I am writing this not to get an auto-stamped autograph (I know you stopped signing them personally years ago when they got to be to much and I understand why), but to ask you something really important: Will you seriously consider becoming a childhood cancer advocate? What you once said is true – “You can close your eyes to the things you don’t want to see, but you can’t close your heart to the things you don’t want to feel.” Childhood cancer is one of those things that people choose not to see until it happens to them, to their child, niece, nephew, grandchild, or a friend’s child. They choose not to see until they are forced to look. I hope you will not be one of these people. I hope you will look and see the truth for yourself. And I hope you will want to help. On average, 46 children are diagnosed a day, every single day. And on average, 7 children die every single day. EVERY. SINGLE. DAY.

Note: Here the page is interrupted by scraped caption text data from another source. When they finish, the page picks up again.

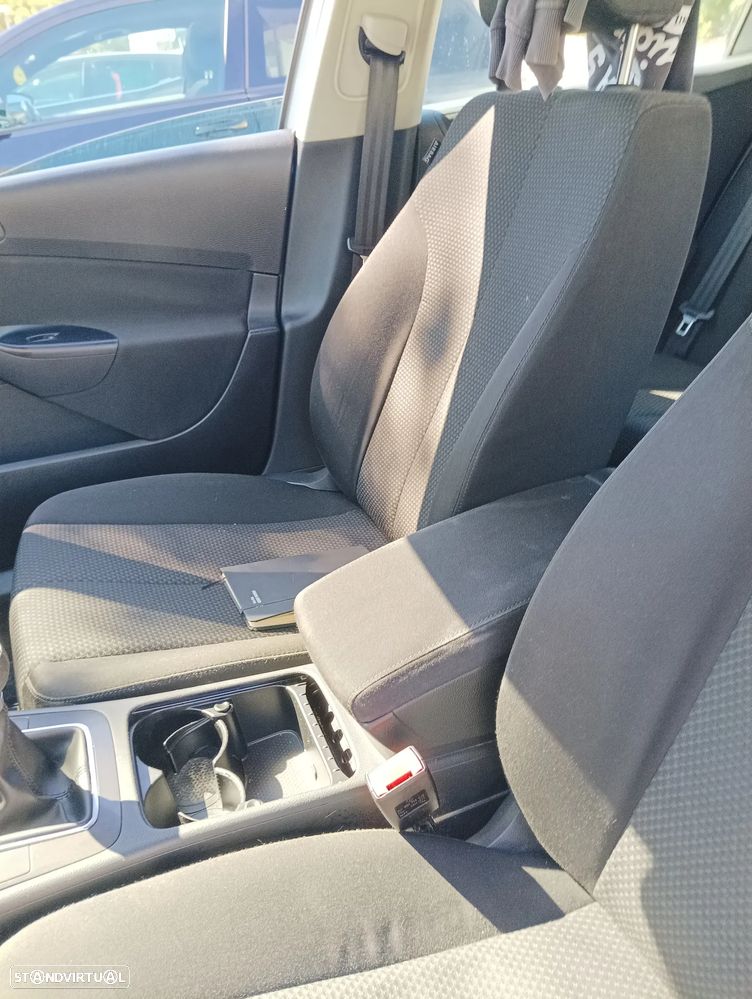 VW Passat Variant - 6
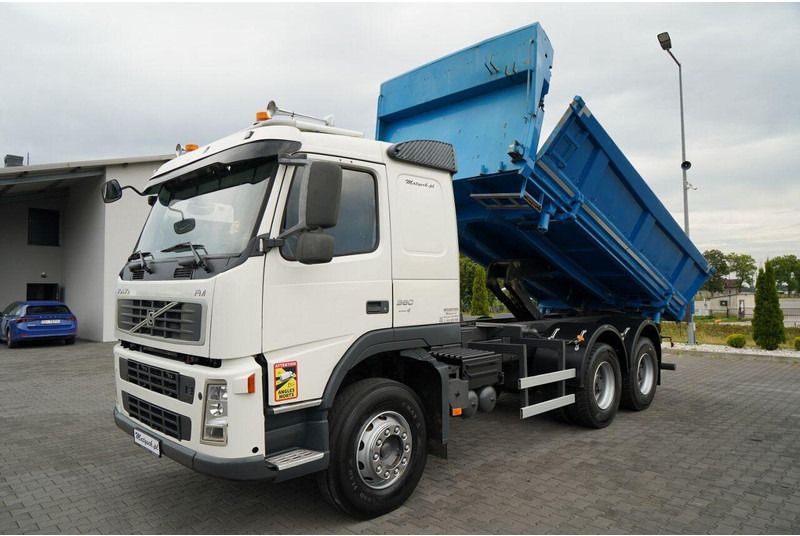 Volvo FM 360 / 6x4 / WYWROTKA DWUSTRONNA / HYDROBURTA / MANUAL / SPROW - 翻斗车:图2 Volvo FM 360 / 6x4 / WYWROTKA DWUSTRONNA / HYDROBURTA / MANUAL / SPROW - 翻斗车:图2
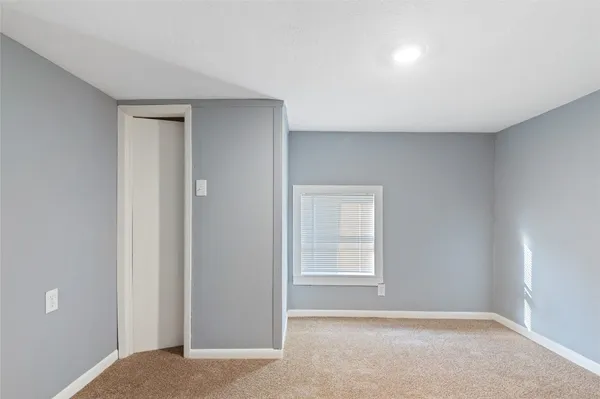 $1,800 | 10502 Royal Oaks Drive, Houston, TX 77016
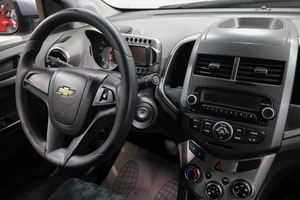 Седан Chevrolet Aveo 2013 года, 569000 рублей, Новокузнецк
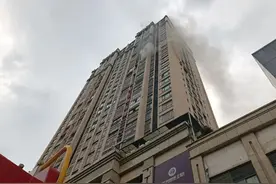 太心疼！女孩被困火场，消防员“公主抱”冲下20楼，累到呕吐图片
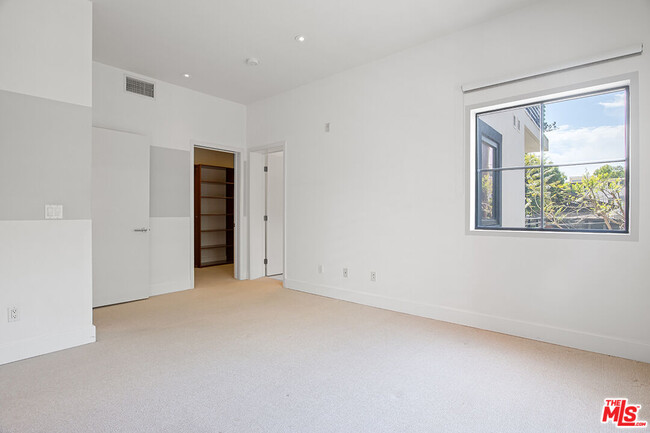 Building Photo - 8788 Shoreham Dr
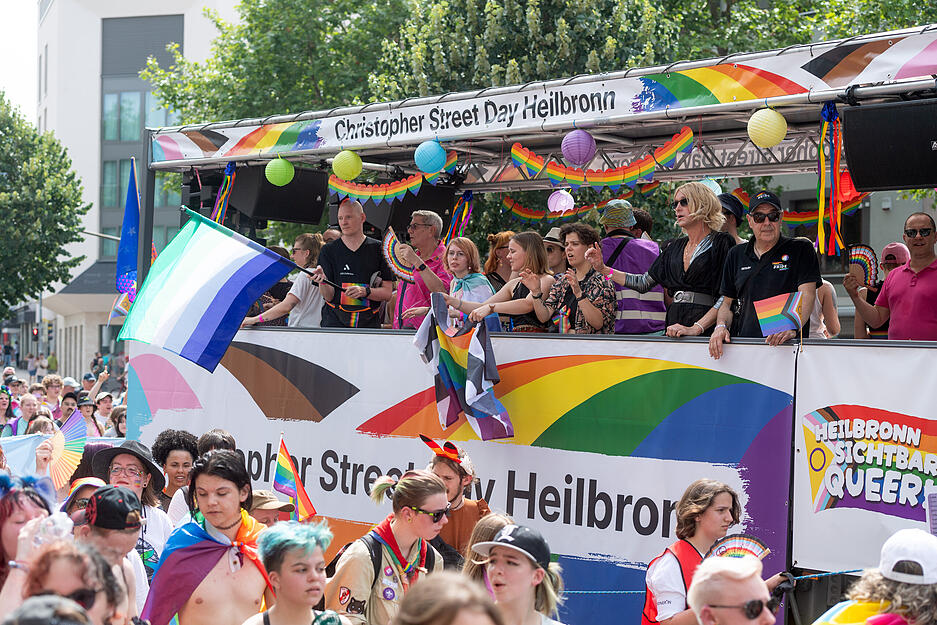 Bilder wie bei der Love-Parade: Der bunte Demozug führte unter anderem durch die Allee.
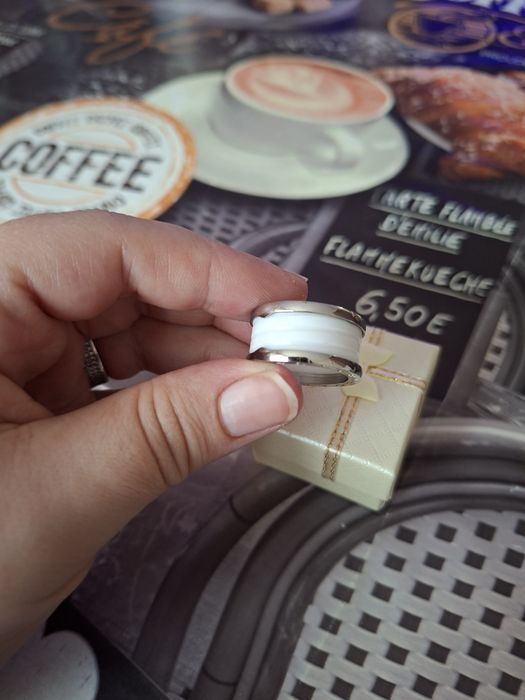 Пръстен Булгари  керамика и стомана .Пръстена само е пробван номер 9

I know you are a father, that you have two children, Lily Rose and Jack. I know you are the kind of father who will do anything for them. Will you set an example for them, and help give a voice to those who cannot speak for themselves, who cannot vote? I am a childhood cancer survivor myself, and now I am a advocate. I had neuroblastoma, the most common solid tumor cancer found in children. I was diagnosed when I was 15-16 months. After two major surgeries, a harsh chemotherapy and radiation protocol, I had two really bad ear infections that escalated to a viral infection called encephalitis. It damaged my brain stem, leaving me with physical disabilities, hearing loss, and a speech impediment. And as I grew, I developed severe scoliosis from the radiation because they only exposed half of my spine to it, and half of it grew and half of it didn’t. I lost everything at age two and a half, but I didn’t give up. I’ve worked hard to get to where I am today – I have a Bachelor of Arts in English, and I have big dreams of spreading awareness through my writing. Today, I am almost 31 years old and working very hard, hoping to see the end of childhood cancer in my lifetime.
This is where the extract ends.